O Olhar de Papa Francisco para a Amazônia
Papa Francisco também teve um olhar especial para a Amazônia e seus povos. Fez apelos pela preservação do bioma e foi uma das vozes mais ativas contra o desmatamento ilegal na região.
“Quando o Papa veio ao Brasil, me apresentei como arcebispo de Belém, na Amazônia. Ele me olhou, segurou meus braços e disse: ‘Sejam ousados. Se vocês não forem ousados, já estarão errando desde o princípio’. Depois, quero lembrar de algo que é para nós motivo de orgulho: quando houve um encontro dos bispos da Amazônia Legal, aqui em Belém, em Icoaraci, enviamos uma carta ao Papa pedindo a realização de um sínodo para a Amazônia. Essa ideia nasceu aqui. Ele colocou a Amazônia sob as luzes do amor de Deus e fez com que o mundo inteiro a reconhecesse”.
Em 2017, quatro anos após o início do seu pontificado, Francisco surpreendeu os fiéis ao convocar, pela primeira vez na história, um Sínodo dedicado à Amazônia. O encontro ocorreu em Roma, dois anos depois, e reuniu representantes de todos os países da Amazônia Legal.
“Recordo-me de um encontro no Vaticano com representantes de novas comunidades. Eu era o assistente dessas comunidades e cabia a mim apresentar ao Papa. Assim que terminei de falar, ele não esperou, saiu do seu lugar e veio me dar um abraço fraterno. Ele era assim: tomava iniciativas, sorria, ajudava. Mesmo com a saúde debilitada, na semana passada ainda visitou um presídio. Pequenos gestos que diziam muito sobre ele. Tive muitas oportunidades de estar com ele e sempre senti essa delicadeza e firmeza”, relatou Dom Alberto.
Relação com o Círio de Nazaré
Todos os anos, desde que chegou a Belém, o arcebispo enviava ao Papa um pedido de bênção para o Círio de Nazaré.

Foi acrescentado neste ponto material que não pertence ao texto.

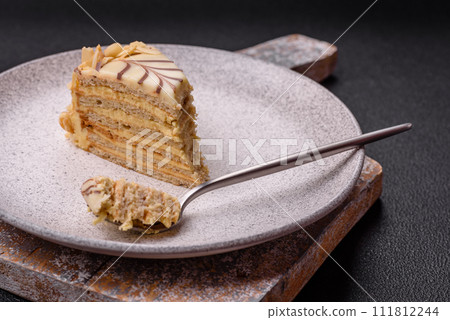 Piece of delicious sweet esterhazy cake with nuts and cream Piece of delicious sweet esterhazy cake with nuts and cream 111812244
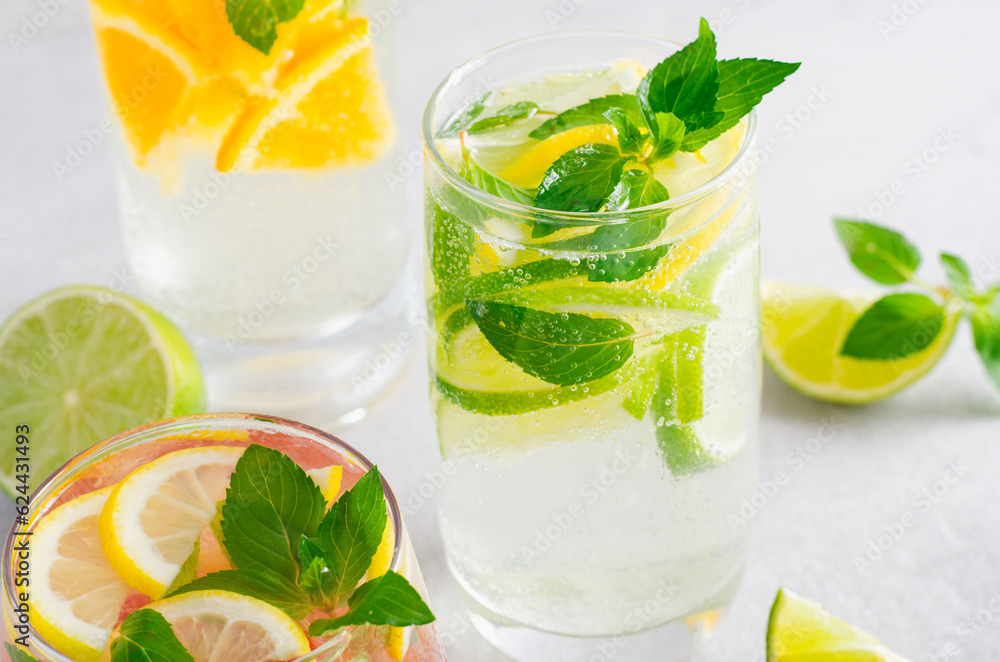 Fototapeta premium Summer Drinks Set, Fruit, Citrus and Berry Refreshing Lemonade or Cocktails on Bright Background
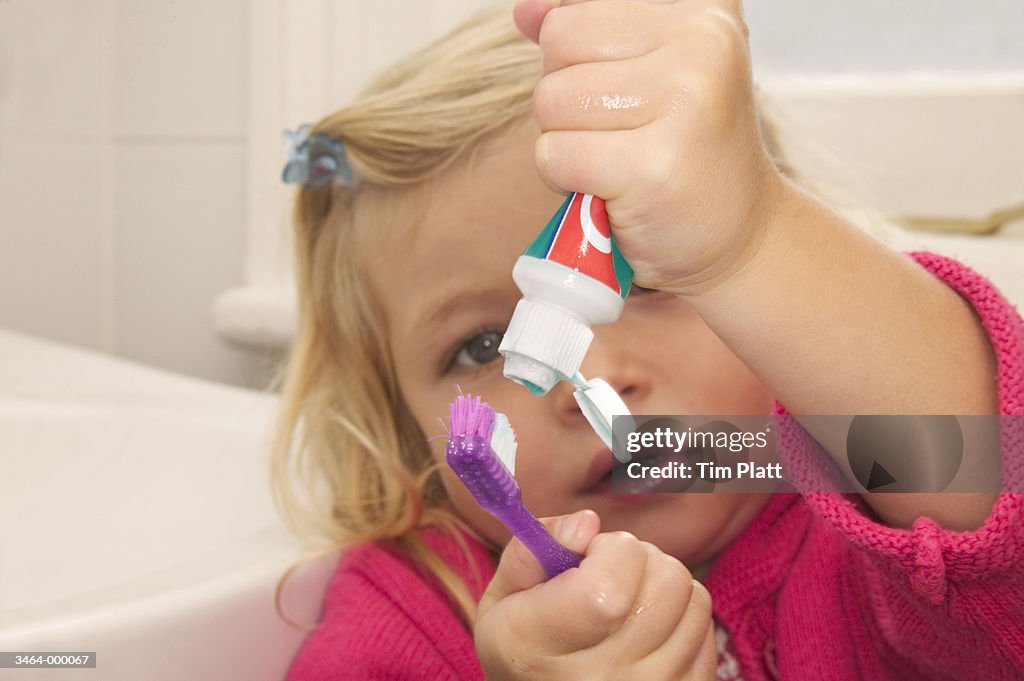 Girl Squeezing Toothpaste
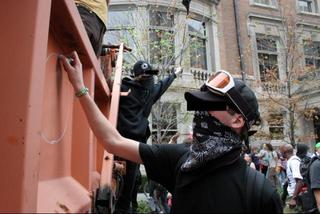 Protester defacing truck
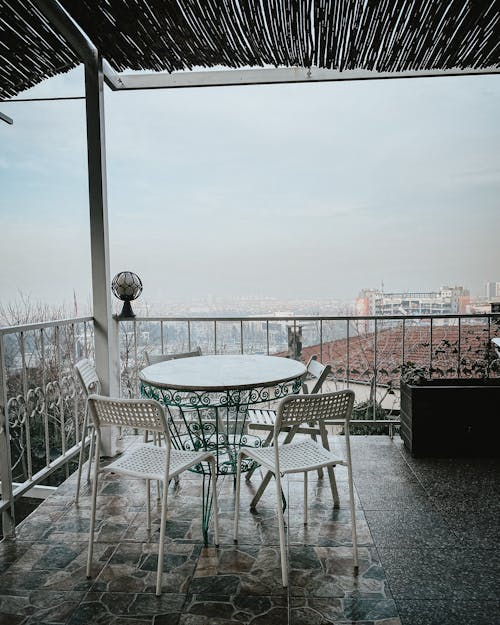 White Metal Table and Chairs on Balcony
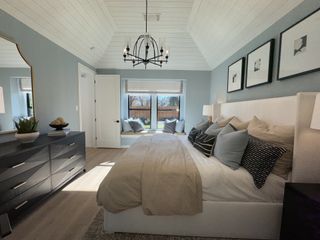 A serene bedroom with vaulted ceiling, chic chandelier, cozy window seat, and stylish decor.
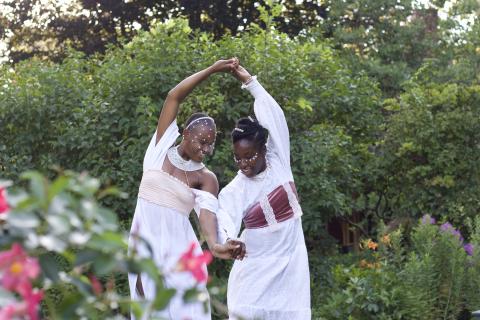 In a garden, two Black women, in white dresses spin with their hands clasped together and their backs to each other.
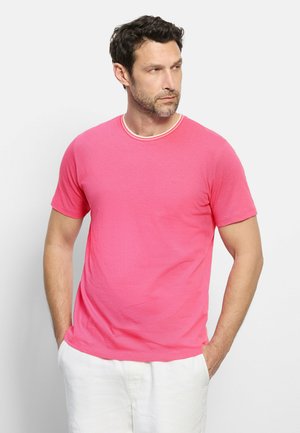 Uomo con capelli corti e scuri e barba, indossa una t-shirt rosa a maniche corte e pantaloni bianchi, in piedi con le mani in tasca, guarda verso destra.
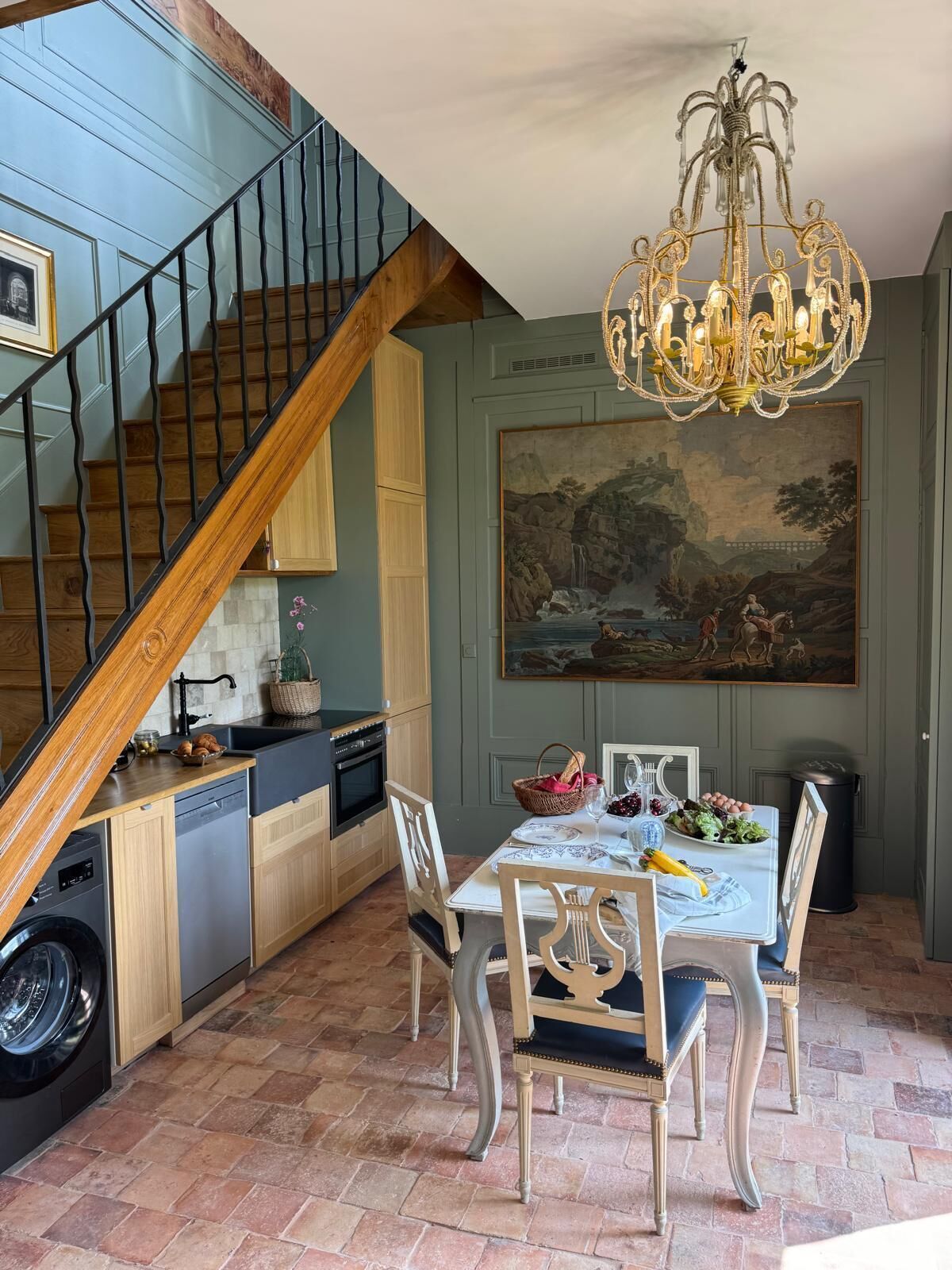 Une cuisine avec un coin repas, un escalier en bois et un lustre.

“Muita gente queria trazê-lo ao Círio. Eu dizia: ‘Não, senão faremos uma loucura. O Brasil inteiro viria atrás do Papa, além do povo que já vem para o Círio’. Mas ele tinha um carinho especial. Lembro de quando dei a ele uma imagem da padroeira dos paraenses. Ele olhou e disse: ‘É para mim?’. E eu respondi: ‘Claro, Santidade’. Ele agradeceu como quem recebe um presente precioso. Essa delicadeza ele sempre teve conosco”.
Recentemente, Dom Alberto esteve com o Papa para convidá-lo para um evento pré-COP, iniciativa do governo do Pará. “Sabíamos que a saúde dele já não permitiria, mas ele ficou muito agradecido. Sempre demonstrava um carinho imenso quando o assunto era a Amazônia ou o Círio”, contou o arcebispo.
“Continuamos nosso trabalho com atenção aos mais pobres, serviço às pessoas e consciência do valor da Amazônia. Isso é continuidade. Não precisamos começar algo novo agora”, reforçou Dom Alberto. Questionado sobre o sucessor de Francisco, foi categórico:
“O maior milagre da Igreja é ter alguém para ser Papa. Mas não sabemos quem será. Acho precipitado falar sobre sucessão. O Papa acaba de falecer, seria indelicado fazer conjecturas. A Igreja não tem descontinuidade, tem progresso. Basta conhecer sua história: ela nunca deu um passo atrás. Sempre seguiu adiante, respondendo às necessidades de cada época”.